PHOTO: Property Market
The COVID-19 pandemic and various issues have impacted New Zealand’s property market – and the alert level 4 lockdown seems to be the final nail to the coffin as some areas in the country are now at risk from a property downturn in a post-lockdown recession.
CoreLogic’s latest report has ranked Queenstown, Christchurch, Auckland, Dunedin, Palmerston North, and Rotorua as the most vulnerable markets after the lockdown – with Queenstown’s market being the shakiest.
It based its rankings on four risk factors in each area: the contribution of the accommodation & food services sector to each centre’s economy, investors’ share of property purchases, percentage of dwellings listed on Airbnb, and total guest nights due to international visitors.
“Perhaps not surprisingly, Queenstown doesn’t look good on this system, and that supports the popular perception amongst commentators that its property market could be in for some major problems,” said Kelvin Davidson, a senior property economist at CoreLogic.

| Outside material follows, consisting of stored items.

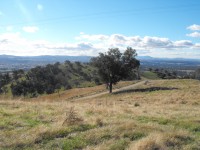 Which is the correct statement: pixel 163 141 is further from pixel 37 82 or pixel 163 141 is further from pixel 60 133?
pixel 37 82

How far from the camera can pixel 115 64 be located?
59875 mm

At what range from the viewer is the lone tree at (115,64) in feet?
197

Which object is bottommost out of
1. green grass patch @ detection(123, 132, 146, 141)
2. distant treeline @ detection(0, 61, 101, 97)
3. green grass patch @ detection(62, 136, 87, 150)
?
distant treeline @ detection(0, 61, 101, 97)

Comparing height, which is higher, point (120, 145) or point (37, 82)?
point (120, 145)

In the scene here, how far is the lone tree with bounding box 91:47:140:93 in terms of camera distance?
60.0 meters

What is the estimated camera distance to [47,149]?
7.80 m

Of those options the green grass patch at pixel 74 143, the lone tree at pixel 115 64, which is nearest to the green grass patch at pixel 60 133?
the green grass patch at pixel 74 143

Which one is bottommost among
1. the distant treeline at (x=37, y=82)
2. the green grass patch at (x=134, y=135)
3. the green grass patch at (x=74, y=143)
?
the distant treeline at (x=37, y=82)

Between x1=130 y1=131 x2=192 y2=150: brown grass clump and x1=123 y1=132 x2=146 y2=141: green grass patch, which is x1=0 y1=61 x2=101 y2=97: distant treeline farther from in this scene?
x1=130 y1=131 x2=192 y2=150: brown grass clump

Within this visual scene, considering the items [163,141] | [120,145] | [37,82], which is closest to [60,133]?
[120,145]

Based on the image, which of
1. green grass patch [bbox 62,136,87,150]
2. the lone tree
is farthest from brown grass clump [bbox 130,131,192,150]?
the lone tree

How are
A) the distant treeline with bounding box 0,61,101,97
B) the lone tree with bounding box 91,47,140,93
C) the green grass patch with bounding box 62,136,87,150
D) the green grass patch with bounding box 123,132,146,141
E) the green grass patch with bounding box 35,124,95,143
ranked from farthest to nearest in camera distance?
the distant treeline with bounding box 0,61,101,97 < the lone tree with bounding box 91,47,140,93 < the green grass patch with bounding box 123,132,146,141 < the green grass patch with bounding box 35,124,95,143 < the green grass patch with bounding box 62,136,87,150

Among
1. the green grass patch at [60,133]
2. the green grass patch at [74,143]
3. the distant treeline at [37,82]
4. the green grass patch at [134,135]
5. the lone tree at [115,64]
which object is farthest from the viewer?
the distant treeline at [37,82]

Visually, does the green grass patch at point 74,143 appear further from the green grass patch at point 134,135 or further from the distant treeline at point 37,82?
the distant treeline at point 37,82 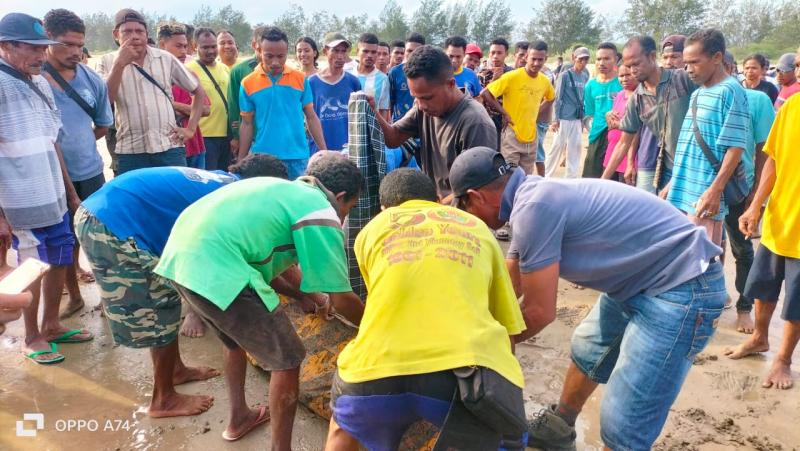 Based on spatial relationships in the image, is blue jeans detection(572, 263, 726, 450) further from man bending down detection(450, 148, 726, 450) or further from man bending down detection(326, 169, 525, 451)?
man bending down detection(326, 169, 525, 451)

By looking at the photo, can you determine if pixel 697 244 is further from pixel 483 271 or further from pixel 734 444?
pixel 734 444

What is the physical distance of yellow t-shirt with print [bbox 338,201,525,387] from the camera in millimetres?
1790

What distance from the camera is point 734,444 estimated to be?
114 inches

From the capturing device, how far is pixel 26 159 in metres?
3.45

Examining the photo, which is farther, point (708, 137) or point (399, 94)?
point (399, 94)

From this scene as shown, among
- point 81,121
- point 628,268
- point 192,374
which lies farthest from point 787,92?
Answer: point 81,121

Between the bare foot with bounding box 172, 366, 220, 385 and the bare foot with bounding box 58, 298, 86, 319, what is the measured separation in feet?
4.77

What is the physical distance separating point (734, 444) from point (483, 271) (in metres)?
2.06

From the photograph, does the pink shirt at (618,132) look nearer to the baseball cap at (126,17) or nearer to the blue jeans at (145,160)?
the blue jeans at (145,160)

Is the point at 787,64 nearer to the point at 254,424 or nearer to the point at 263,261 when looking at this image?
the point at 263,261

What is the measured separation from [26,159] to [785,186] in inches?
188

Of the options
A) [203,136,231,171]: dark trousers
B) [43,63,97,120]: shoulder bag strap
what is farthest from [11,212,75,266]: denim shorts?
[203,136,231,171]: dark trousers

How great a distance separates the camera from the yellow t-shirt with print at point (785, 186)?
131 inches

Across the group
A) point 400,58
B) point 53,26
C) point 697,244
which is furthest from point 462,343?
point 400,58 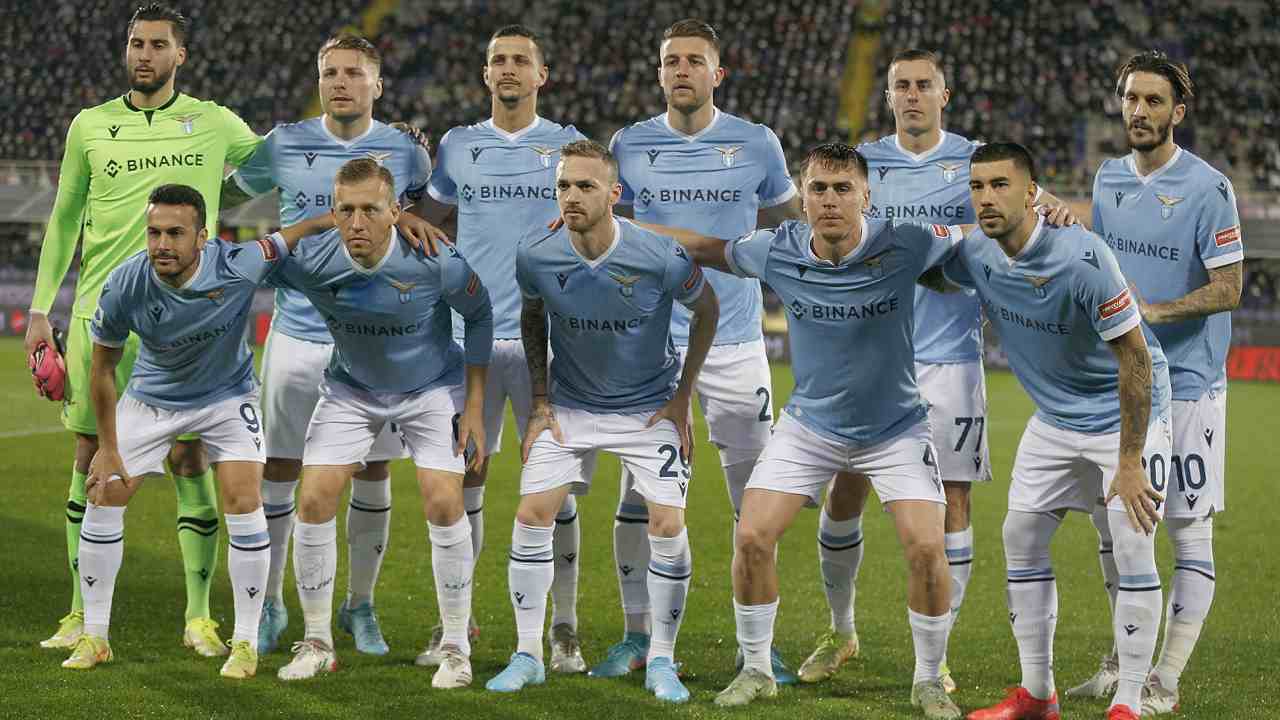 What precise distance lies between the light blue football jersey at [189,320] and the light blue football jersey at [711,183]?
5.15 ft

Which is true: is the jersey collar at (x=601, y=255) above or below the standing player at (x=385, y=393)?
above

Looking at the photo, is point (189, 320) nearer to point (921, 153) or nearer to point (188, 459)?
point (188, 459)

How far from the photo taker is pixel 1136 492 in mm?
5102

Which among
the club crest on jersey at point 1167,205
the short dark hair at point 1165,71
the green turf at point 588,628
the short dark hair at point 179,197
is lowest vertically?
the green turf at point 588,628

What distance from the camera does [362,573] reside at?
6.68 m

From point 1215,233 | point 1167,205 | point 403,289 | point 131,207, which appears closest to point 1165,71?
point 1167,205

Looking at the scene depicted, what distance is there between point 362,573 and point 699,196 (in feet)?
7.53

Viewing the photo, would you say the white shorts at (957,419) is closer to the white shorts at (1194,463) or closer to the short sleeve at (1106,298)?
the white shorts at (1194,463)

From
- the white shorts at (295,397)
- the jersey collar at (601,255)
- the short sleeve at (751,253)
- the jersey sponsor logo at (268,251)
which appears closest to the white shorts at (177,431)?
the white shorts at (295,397)

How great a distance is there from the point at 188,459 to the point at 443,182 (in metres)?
1.66

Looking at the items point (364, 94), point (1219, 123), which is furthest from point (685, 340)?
point (1219, 123)

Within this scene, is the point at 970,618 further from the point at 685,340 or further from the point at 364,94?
the point at 364,94

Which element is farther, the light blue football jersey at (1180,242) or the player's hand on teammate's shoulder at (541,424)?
the player's hand on teammate's shoulder at (541,424)

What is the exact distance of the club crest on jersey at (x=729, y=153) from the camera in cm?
641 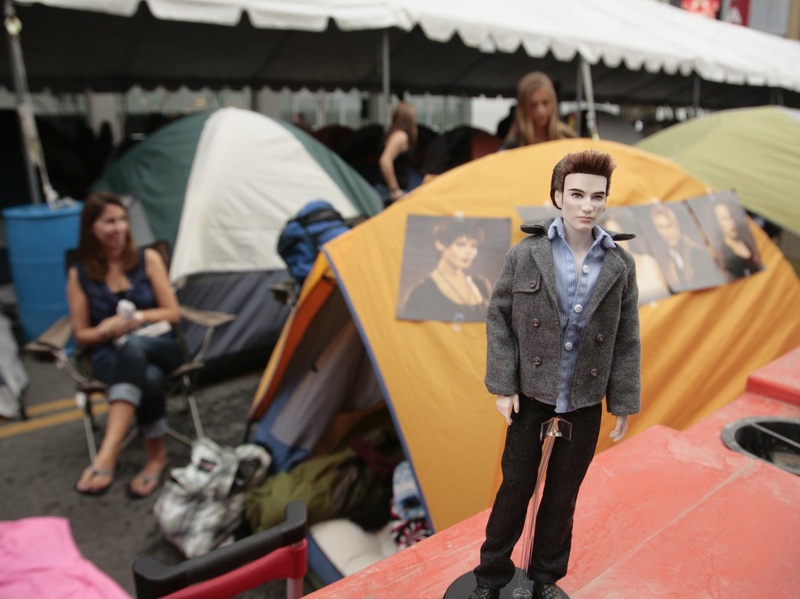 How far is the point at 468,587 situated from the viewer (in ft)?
3.84

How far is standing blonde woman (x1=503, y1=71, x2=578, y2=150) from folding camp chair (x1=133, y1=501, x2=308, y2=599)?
5.79 feet

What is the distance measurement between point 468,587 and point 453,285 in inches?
40.5

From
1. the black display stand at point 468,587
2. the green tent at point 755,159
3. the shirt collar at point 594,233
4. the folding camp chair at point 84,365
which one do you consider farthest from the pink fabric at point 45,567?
the green tent at point 755,159

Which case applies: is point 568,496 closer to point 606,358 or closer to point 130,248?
point 606,358

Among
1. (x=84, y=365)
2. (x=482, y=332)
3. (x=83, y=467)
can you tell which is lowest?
(x=83, y=467)

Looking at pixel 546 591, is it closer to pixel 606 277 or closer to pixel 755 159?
pixel 606 277

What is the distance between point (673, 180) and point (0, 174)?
6.83 meters

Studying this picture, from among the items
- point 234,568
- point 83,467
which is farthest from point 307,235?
point 234,568

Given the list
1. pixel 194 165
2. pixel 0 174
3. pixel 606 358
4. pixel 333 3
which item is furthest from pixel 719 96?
pixel 606 358

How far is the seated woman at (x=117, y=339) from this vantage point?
114 inches

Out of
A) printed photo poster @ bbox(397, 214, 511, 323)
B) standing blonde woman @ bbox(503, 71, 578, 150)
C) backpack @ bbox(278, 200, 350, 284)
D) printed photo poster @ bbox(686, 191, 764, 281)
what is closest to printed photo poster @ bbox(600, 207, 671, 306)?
printed photo poster @ bbox(686, 191, 764, 281)

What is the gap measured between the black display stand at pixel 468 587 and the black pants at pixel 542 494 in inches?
1.7

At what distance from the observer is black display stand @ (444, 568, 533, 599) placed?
45.0 inches

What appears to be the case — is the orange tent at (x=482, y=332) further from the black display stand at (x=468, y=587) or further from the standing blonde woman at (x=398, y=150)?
the standing blonde woman at (x=398, y=150)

“Rotorua is another candidate often suggested as being vulnerable, but on our measure, it doesn’t look any worse than some other parts of the country because it’s not entirely dependent on tourism. Other sectors, such as healthcare and professional services, also matter in Rotorua.”
CoreLogic found that Tauranga, Kapiti Coast, Wellington, Nelson, New Plymouth, and Napier have moderate levels of risk post lockdown. Meanwhile, Hastings, Invercargill, Hamilton, and Whangarei stood out as the most resilient markets.